Библиотека в кармане -русские авторы

         

Немчинов Геннадий - Хлебный Поезд


Геннадий Немчинов
ХЛЕБНЫЙ ПОЕЗД
Пять деревень - Плаксино, Ленки, Бирюково, Санькина Роща и Выселки-были
в километре-полутора друг от дружки, и старухи из этих деревень сползались к
моменту прихода "коротенького", или хлебного, как его в этих местах чаще
называли, поезда заблаговременно. Сползались они к переезду напротив
крохотной деревни Ленки - теперь там стояло четыре дома, а жила одна
старуха, Клавдия Пахомовна, бьвшая доярка, а теперь восьмидесятилетнее
косолапое, почти слепое и слабое до слез создание. Но так как жила старуха
почти у самого переезда, а другим ее подрутам-ровесницам надо было ползти по
сугробам нынешней снежной зимы от одного до трех километров, то они, завидя
уже занявшую свой пост на смерзшемся сугробе у переезда Клавдию Пахомовну,
как бы с легкой и чуть раздраженной обидой кричали ей:
- Здорово, товарка! А ты уж тут как тут. Сидишь?
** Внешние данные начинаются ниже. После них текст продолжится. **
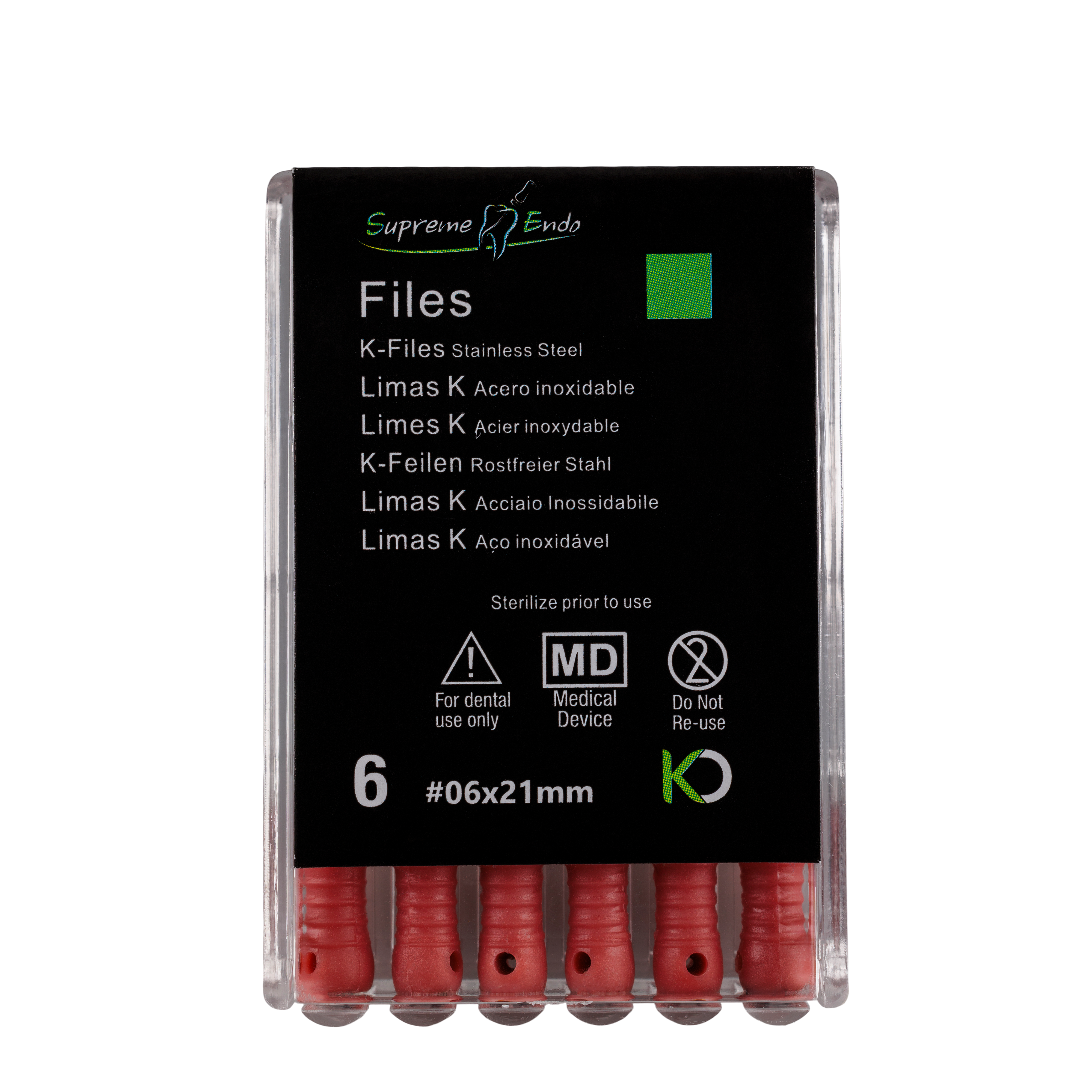 SE K Files 21mm Size 06 6pk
- Сижу, - вполне понимая их, отвечала Клавдия Пахомовна: ей-то что,
тридцать метров, хоть и ноги не гнутся, вот и завидуют подруги а как же, все
правильно.
Их собиралось тут семь человек старух. В Бирюкове и Плаксине было еще и
другое народонаселение человек примерно восемь на обе деревни, но старых
посылали как самых свободных и расторопных. Они всегда хлеба приосили, не то
что Федя Зайцев, прилепившийся прошлым годом к Бирюкову неведомо откуда
взявшийся мужичонка: он однажды и деньги собрал, и где-то благополучно сумел
их пропить, так и не дойдя до хлебного поезда.
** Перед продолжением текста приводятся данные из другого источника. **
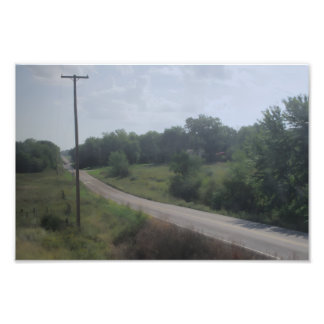 Impression Photo Route de campagne paisible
Хлебный поезд выходил из райцентра в одиннадцать тридцать дня и шел до
Выселок двадцать одну минуту: это старухи знали совершенно точно; даже если
поезд опаздывал, они приходили к переезду, зная - идет он двадцать одну
мннуту по своему закону. А наруши закон - это уже на его совести, а им
надобно быть на своем посту точнехонько.
Поезд, зная их службу и ожиданье, приближаясь к переезду и готовясь
развернуть себя у поворота, длинно и тоненько, без пугающей натужливости
гудел.
Сегодняшним днем Клавдия Пахомовна выползла на свой, уже привычный
сугроб пораньше известного сроку. Дома ей одной было невмоготу: три дня
прожила совсем одна, не видя, не слыша никого кроме своей кошки Мурки, тоже
полуслепой и вялой от старости и скуки; с Муркой не поговоришь: она теперь и
ухом не двинет. А голоса у нее никогда и не было: мурлыкать, мяукать не
умела и котенком, так безголосой и жила с Пахомовной десять лет.
Было пять кур, но все они исчезли недавно в одну ночь, а от
распахнутого курятника вели в сторону леса неряшливые вразброс, следы, как
будто брел совершенно не владевший ногами человек. Пахомовна сразу подумала:
"Федька Зайцев побывал! На выпивку курочек унес...". Куры ее сильно
выручали, но что будешь делать: и узналось бы - старухи не могли облаву на
Федьку устроить а и с милицией связываться кому оxота, нет уж, лучше без кур
жить. Но жить было худо.
Взяв свою крюковатую палку, которая была похожа на нее саму, даже почти
все изгибы были такие же, Пахомовна двинулась к своему высокому
золотисто-серебристому в дневном солнце сугробу у полосатого столба. Она
явственно ощутила в себе эту свою телесную даже и не слабость теперь, а
неслаженность каждого живого толчка тела: что-то в нем было посильнее,
другое совсем отмерло, вот как левая нога, не желавшая, хоть ты помирай,
слушаться, и эта телесная разлаженность превратила ее движение в дело
медленное и даже со стороны смешное.